En couple depuis presque 10 ans, en route sur des projets bébé et achat d’appart à crédit à deux, je me sentais terriblement étrangère à cette existence à laquelle je ne semblais prendre ni part ni plaisir, mais dont j’étais tristement la spectatrice.

👰🍼🏠 Je pensais que suivre un chemin tout tracé, à la logique implacable et pour lequel il n’y a pas trop besoin de réfléchir – fonction publique, PACS, enfant, mariage, crédit – constituait le moteur du bonheur, la route que toute personne normalement faite devait un jour prendre.

Une boite faite de ouate, sécurisée comme un cocon et dans laquelle on peut hurler à l’agonie sans que personne ne nous entende.

💊 Depuis mes 15 ans, je souffrais d’une grave dépression, que les médicaments endormaient lourdement et passaient sous silence, mais ne guérissaient pas.

Chaque soir, à mon balcon, je contemplais les montagnes au loin. Mon compagnon dormait toujours le premier, tandis que moi, je rêvais, inlassablement, le nez au vent. 🌙✨️

❤️‍🔥 Comme Emma Bovary, je rêvais d’ailleurs, d’une vie fabuleuse, pleine d’aventures aux quatre coins du monde, faite de rencontres marquantes avec des hommes incroyables, parlant toutes les langues. Une existence excitante, rythmée par des opportunités exceptionnelles, dans laquelle j’aurais mené une carrière brillante de professeure à l’international, travaillant dans les meilleures écoles du monde. Statique dans le vent frais des Alpes, plongée dans le silence sourd du vide de ma vie tout en scrutant l’horizon au relief acéré au loin, je me demandais : “qu’y a-t-il de l’autre côté des montagnes ?”

Pourtant, tous les jours, je continuais de mener cette vie que j’exécrais et dans laquelle je n’étais ni épanouie, ni heureuse. Et tous les soirs, à la nuit tombée, je me plongeais dans mes romances extraordinaires, projetées très loin, là-bas, derrière les montagnes. 🏔✨️

Puis, un jour, c’est la goutte d’eau qui fait tout déborder. Je rentre harassée d’une journée de travail. Celle de trop. J’empoigne mon téléphone, compose quelques chiffres et prends rendez-vous avec un psychiatre. Je sens que ma dépression a escaladé un stade supérieur. J’ai besoin de renfort pour lutter contre.

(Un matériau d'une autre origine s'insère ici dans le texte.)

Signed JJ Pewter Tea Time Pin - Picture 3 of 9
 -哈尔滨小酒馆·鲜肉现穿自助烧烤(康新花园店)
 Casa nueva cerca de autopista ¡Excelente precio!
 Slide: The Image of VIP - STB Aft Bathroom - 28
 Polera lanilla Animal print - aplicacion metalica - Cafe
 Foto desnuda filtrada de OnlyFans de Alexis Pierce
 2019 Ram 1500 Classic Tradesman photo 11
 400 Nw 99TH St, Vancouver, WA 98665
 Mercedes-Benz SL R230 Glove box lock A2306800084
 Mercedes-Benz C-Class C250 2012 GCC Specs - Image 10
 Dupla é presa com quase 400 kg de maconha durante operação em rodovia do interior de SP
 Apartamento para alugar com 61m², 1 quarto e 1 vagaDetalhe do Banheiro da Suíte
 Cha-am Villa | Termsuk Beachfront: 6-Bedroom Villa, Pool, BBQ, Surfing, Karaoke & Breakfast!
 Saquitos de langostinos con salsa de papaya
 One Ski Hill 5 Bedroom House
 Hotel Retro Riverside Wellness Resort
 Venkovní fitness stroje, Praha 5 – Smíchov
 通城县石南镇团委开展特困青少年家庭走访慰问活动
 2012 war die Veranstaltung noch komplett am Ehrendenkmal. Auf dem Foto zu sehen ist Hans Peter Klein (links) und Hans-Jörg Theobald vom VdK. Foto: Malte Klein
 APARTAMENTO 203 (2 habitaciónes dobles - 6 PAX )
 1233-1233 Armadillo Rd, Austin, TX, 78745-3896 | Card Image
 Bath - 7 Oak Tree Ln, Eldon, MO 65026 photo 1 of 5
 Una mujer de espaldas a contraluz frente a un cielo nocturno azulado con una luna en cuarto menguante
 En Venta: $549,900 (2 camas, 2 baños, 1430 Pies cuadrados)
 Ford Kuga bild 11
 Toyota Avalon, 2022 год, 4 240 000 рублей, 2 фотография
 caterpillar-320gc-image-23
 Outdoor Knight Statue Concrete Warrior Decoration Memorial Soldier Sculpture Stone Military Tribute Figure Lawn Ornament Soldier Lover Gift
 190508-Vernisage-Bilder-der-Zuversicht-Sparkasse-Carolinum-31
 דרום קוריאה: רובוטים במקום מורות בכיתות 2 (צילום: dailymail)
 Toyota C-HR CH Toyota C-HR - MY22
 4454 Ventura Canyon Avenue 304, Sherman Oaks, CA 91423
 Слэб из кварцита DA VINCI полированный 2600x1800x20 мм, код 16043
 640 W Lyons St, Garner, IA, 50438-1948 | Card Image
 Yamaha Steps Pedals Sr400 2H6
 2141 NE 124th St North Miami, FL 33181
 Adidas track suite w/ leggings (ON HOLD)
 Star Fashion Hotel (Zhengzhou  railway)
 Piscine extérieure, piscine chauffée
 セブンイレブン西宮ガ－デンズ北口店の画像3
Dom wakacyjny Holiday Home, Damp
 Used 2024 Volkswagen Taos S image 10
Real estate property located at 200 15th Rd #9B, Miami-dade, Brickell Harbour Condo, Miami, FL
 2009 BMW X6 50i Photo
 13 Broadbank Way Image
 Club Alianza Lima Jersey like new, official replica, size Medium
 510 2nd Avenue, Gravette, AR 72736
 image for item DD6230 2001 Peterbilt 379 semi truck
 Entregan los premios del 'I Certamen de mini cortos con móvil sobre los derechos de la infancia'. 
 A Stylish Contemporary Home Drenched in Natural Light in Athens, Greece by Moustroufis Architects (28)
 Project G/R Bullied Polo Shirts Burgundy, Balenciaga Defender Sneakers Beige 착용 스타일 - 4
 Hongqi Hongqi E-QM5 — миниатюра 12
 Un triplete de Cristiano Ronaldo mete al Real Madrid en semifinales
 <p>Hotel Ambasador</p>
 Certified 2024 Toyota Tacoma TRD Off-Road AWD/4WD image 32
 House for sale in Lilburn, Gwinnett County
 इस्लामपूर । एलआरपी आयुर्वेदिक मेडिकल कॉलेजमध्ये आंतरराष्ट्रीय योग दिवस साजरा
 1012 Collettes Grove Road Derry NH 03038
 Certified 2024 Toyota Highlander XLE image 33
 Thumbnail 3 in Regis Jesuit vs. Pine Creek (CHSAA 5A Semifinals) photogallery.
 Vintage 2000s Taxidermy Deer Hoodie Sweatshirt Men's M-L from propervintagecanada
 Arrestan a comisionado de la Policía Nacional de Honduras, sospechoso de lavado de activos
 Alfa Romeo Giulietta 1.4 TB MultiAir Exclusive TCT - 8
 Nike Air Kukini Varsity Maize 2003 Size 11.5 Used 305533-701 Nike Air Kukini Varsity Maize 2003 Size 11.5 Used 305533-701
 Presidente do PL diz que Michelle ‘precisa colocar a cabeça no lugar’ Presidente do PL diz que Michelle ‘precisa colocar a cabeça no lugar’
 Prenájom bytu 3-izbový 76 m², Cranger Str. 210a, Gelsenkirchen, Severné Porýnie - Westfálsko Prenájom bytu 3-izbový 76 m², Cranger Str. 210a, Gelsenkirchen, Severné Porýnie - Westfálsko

😵 On sait tous, sans doute, comment Emma Bovary finit sa vie à la fin du roman…

💥 Et puis une après-midi, ma vie bascule. Je prends un avion, direction Londres, où je passe un entretien d’embauche dans une petite école franco-anglaise. C’est le début du roman que j’ai toujours rêvé d’écrire et dont je serai enfin et l’autrice, et la protagoniste.
Plus besoin de psy : j’annule mon rendez-vous sur le champ.
Je dis adieu à tout ce qui m’entoure : famille, pays, boulot, projets de couple.
Je pars sans me retourner.
Ma dépression guérit d’elle-même au bout de quelques mois, elle qui, persistante depuis des années, me gâchait l’existence.

☀️ Aujourd’hui, et depuis 10 ans, je suis de l’autre côté des montagnes. Il y fait beau, tous les jours de l’année. Il n’est plus question de les contempler du haut d’un balcon, ni de jouer les Emma Bovary.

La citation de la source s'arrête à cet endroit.